## [What you have to do]
Your response should be the lines from the one holding "Caleçon long chaud" to the last line of the data below, copied exactly and with no additions.

(Brief descriptive captions)
═══
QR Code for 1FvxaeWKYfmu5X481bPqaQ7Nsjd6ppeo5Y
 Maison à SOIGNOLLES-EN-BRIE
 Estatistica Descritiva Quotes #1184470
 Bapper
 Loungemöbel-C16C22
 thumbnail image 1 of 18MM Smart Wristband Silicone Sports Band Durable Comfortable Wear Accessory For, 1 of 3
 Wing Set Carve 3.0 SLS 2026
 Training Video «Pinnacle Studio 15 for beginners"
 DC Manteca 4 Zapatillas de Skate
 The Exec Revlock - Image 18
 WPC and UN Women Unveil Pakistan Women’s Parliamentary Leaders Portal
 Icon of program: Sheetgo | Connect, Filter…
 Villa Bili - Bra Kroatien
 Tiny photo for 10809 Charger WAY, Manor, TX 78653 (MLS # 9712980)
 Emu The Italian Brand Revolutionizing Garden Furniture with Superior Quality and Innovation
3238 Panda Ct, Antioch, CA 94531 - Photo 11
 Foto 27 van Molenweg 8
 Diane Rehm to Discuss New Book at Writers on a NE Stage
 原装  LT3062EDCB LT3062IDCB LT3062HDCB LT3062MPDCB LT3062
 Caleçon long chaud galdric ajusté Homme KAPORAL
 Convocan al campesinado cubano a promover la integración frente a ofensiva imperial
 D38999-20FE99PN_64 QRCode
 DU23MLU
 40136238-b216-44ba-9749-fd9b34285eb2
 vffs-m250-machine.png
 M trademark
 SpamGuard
═══
## [Solution]
 Caleçon long chaud galdric ajusté Homme KAPORAL
 Convocan al campesinado cubano a promover la integración frente a ofensiva imperial
 D38999-20FE99PN_64 QRCode
 DU23MLU
 40136238-b216-44ba-9749-fd9b34285eb2
 vffs-m250-machine.png
 M trademark
 SpamGuard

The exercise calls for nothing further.